Des fonds inutilisés par la France
Le directeur général a aussi critiqué la France de n’avoir pas utilisé tous les leviers disponibles dans le cadre du bilan de santé de la PAC. Au lieu de critiquer la politique de gestion menée par la Commission pendant la crise laitière, la France aurait pu profiter des marges de manœuvre du « paquet restructuration » du bilan de santé (article 68) et du fonds destiné aux « nouveaux défis ». En clair, l’article 68 permet aux Etats membres de conserver un pourcentage de l’enveloppe nationale destinée aux paiements directs pour soutenir certains types de production comme les producteurs de lait par exemple. Le fonds destiné « aux nouveaux défis » provient d’un transfert entre le budget des aides directes (1er pilier) et celui du développement rural (2e pilier) par prélèvement. Ce fonds peut aussi servir à « des mesures d’accompagnement pour le secteur laitier » comme le prévoit le bilan de santé.
Les États membres ont utilisé les 5 milliards d’euros du fonds « nouveaux défis » à hauteur de 15 % en moyenne, a expliqué Jean-Louis Demarty, mais l’Allemagne affiche 25 % d’utilisation de son plafond quand la France est à zéro. « L’Allemagne a beaucoup restructuré et en tire aujourd’hui profit », a expliqué le haut fonctionnaire. En Allemagne, les exportations agroalimentaires progressent plus vite qu’en France et nous sommes dépassés en valeur. Dans le même temps, « la France n’a pas produit son quota, s’est insurgé le président de Coop de France, Philippe Mangin, alors que l’Allemagne l’a fait en appuyant sur l’accélérateur ». Si l’on veut « lutter contre la baisse de moral des producteurs de lait alors que les perspectives sont bonnes », on devra mieux recourir à ces fonds dans le cadre de l’adoption prochaine du plan de développement de la filière laitière annoncé par le ministre français pour septembre.
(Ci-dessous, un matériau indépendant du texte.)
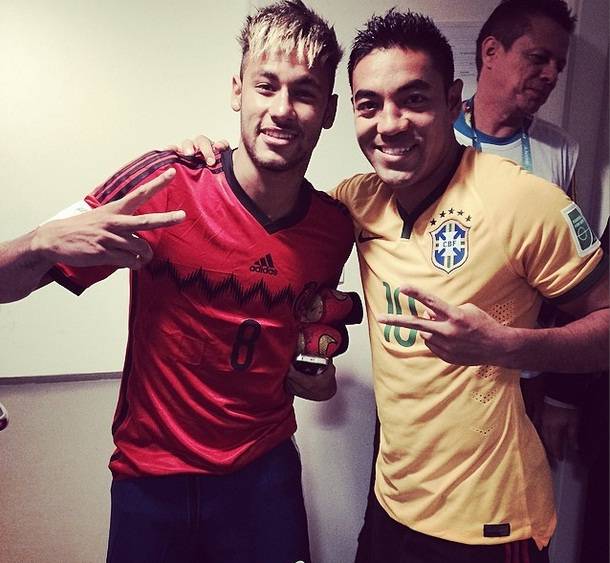 Jogador mexicano posta foto com Neymar sorridente após Brasil 0 X 0 México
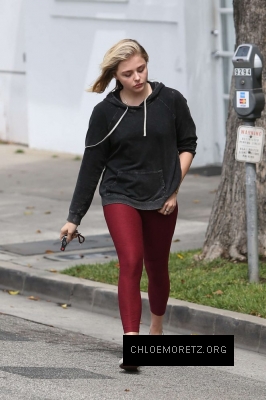 Click to view full size image
==============
Chloe-Moretz-in-Red-Tights--04-662x993.jpg Chloe-Moretz-in-Red-Tights--04-662x993.jpg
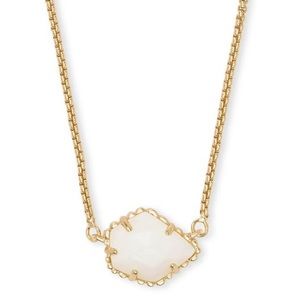 Kendra Scott White Mother-of-Pearl & 14k Gold-
Plated “Tess” Pendant Necklace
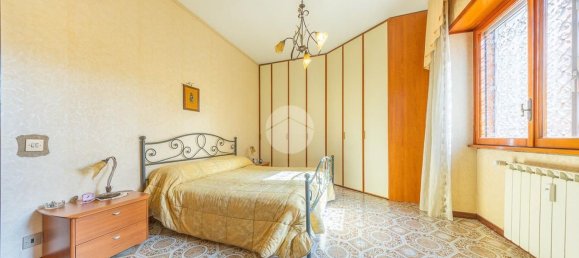 3 rooms Apartment in Rome, Italy No. 44875 18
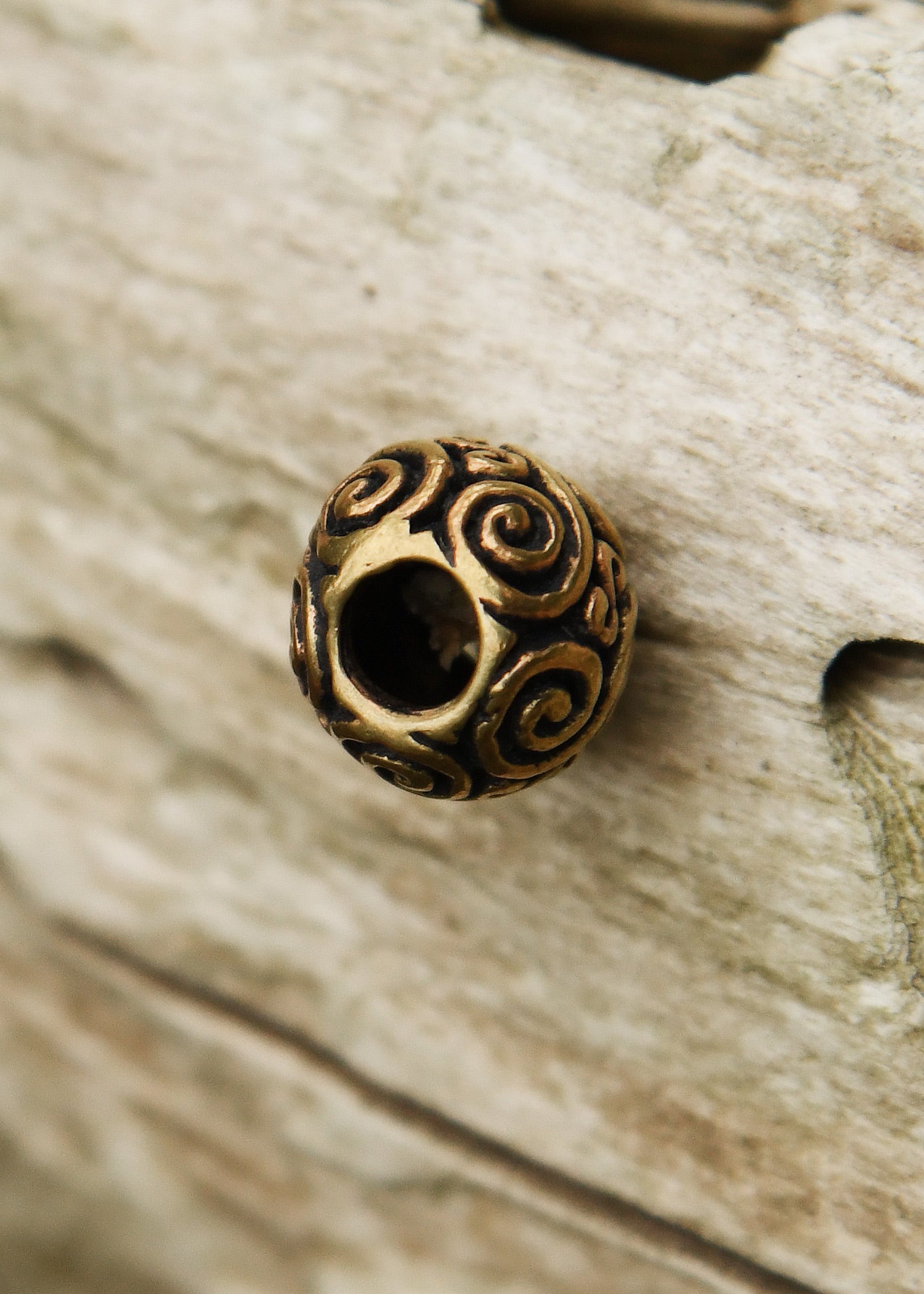 Imagen única de: Cuenta Redonda Para Barba Y Cuenta Para Rizos Con Espirales Dobles De Bronce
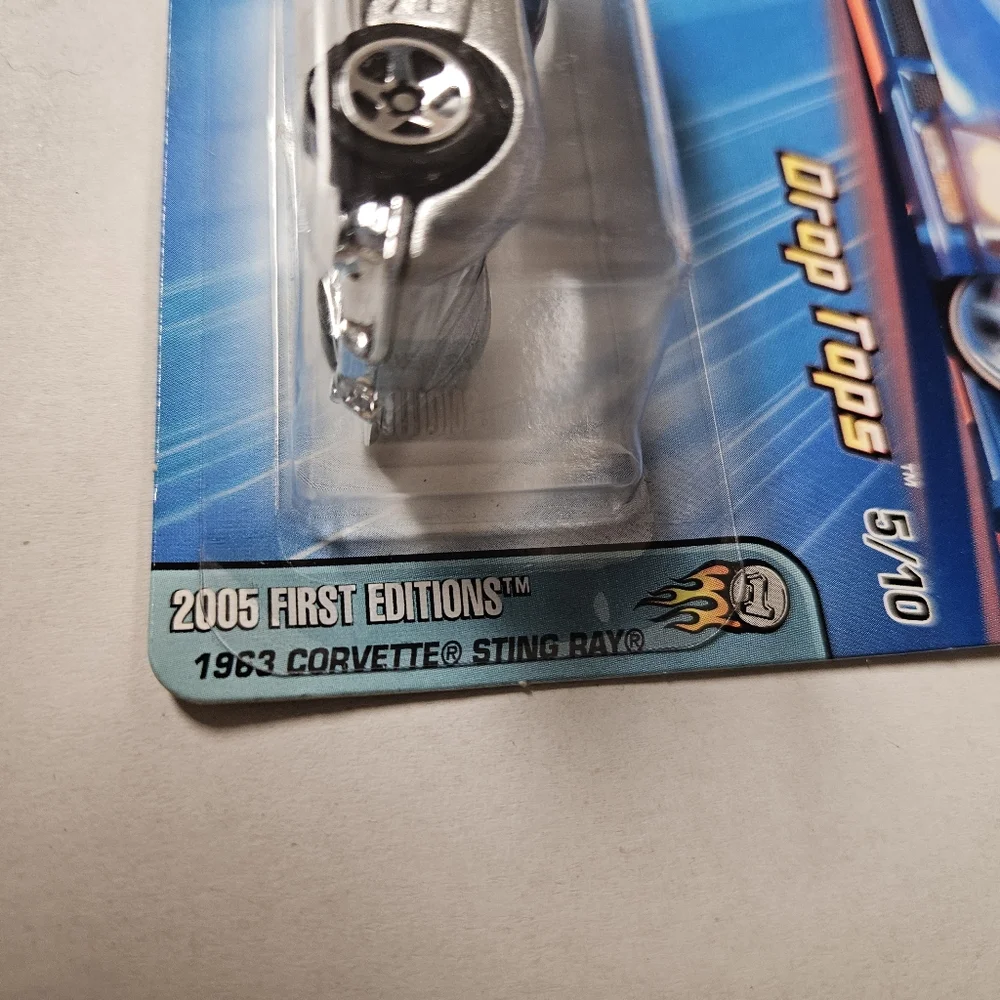 Hot‎ Wheels Corvette Silver Drop Tops 2005
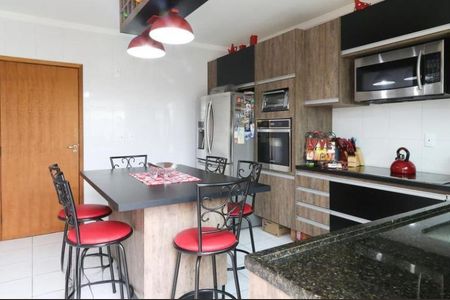 Casa à venda com 134m², 3 quartos e 3 vagas Casa à venda com 134m², 3 quartos e 3 vagasFoto 06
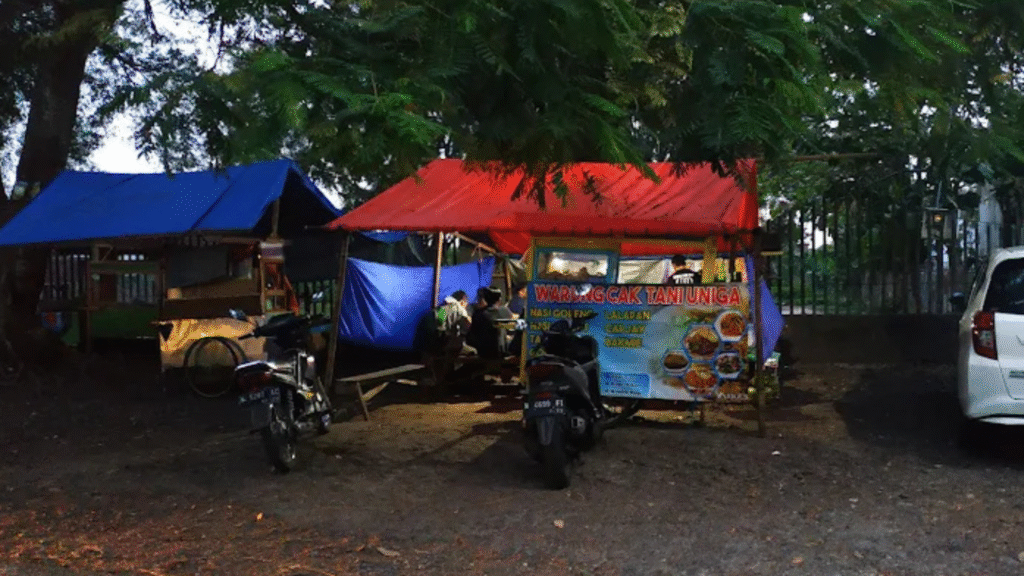 tempat makan cak tani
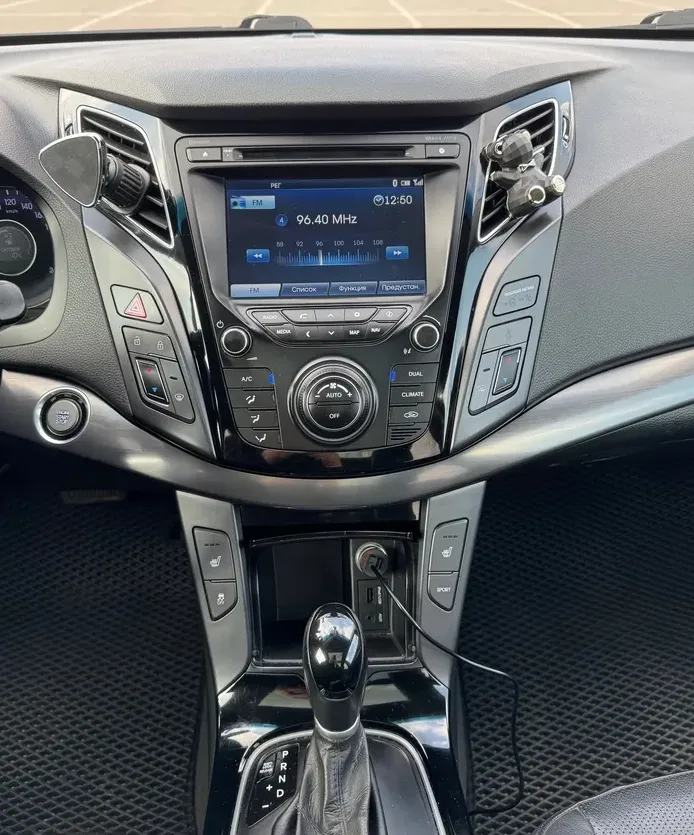 Hyundai i40 - фото 6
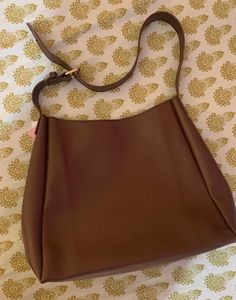 Minimalist Brown Shoulder Bag for college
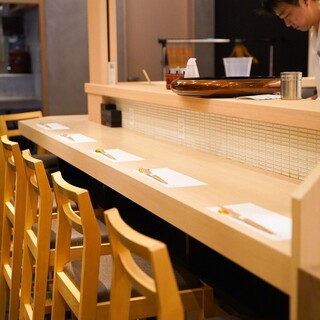 お一人様でも◎カウンター席あります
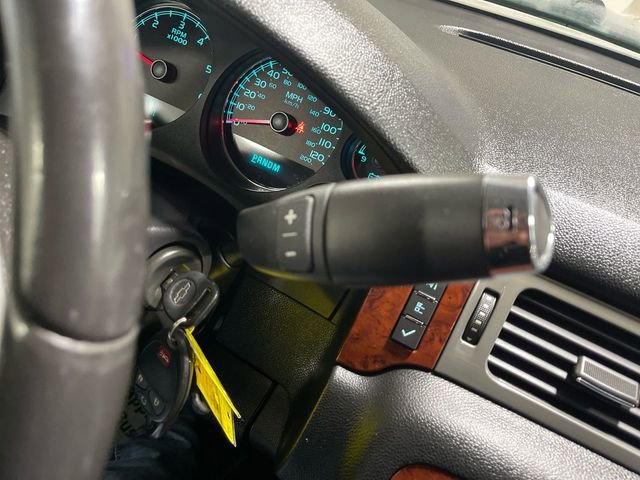 Used 2011 Chevrolet Avalanche LTZ image 20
A la LMA de consacrer le contrat coopératif
En ce qui concerne la contractualisation, le président de la FNCL a dit attendre de la LMA qu’elle reconnaisse que le contrat coopératif satisfait déjà à ses objectifs et qu’il ne faudrait pas contraindre les coopératives à un double formalisme ; il suffira que les statuts et règlements intérieurs soient mis à jour pour être en harmonie avec le guide des bonnes pratiques contractuelles de l’interprofession. A cette demande le ministre Bruno Le Maire, venu clore l’assemblée, a promis de donner satisfaction : « Il n’est pas question, a-t-il dit à propos des contrats coopératifs, de défaire ce qui marche ». Ce principe des contrats, que la France voudrait voir étendu à toute l’Europe, sera néanmoins assorti d’une réelle surveillance par l’Etat, a insisté le ministre.
En matière de compétitivité, enfin, le président Budin estime que partout en France il y a du potentiel. A condition, avant même de sortir des quotas, d’en assouplir les règles de gestion et d’accélérer la mobilité des quotas à l’intérieur des bassins de production.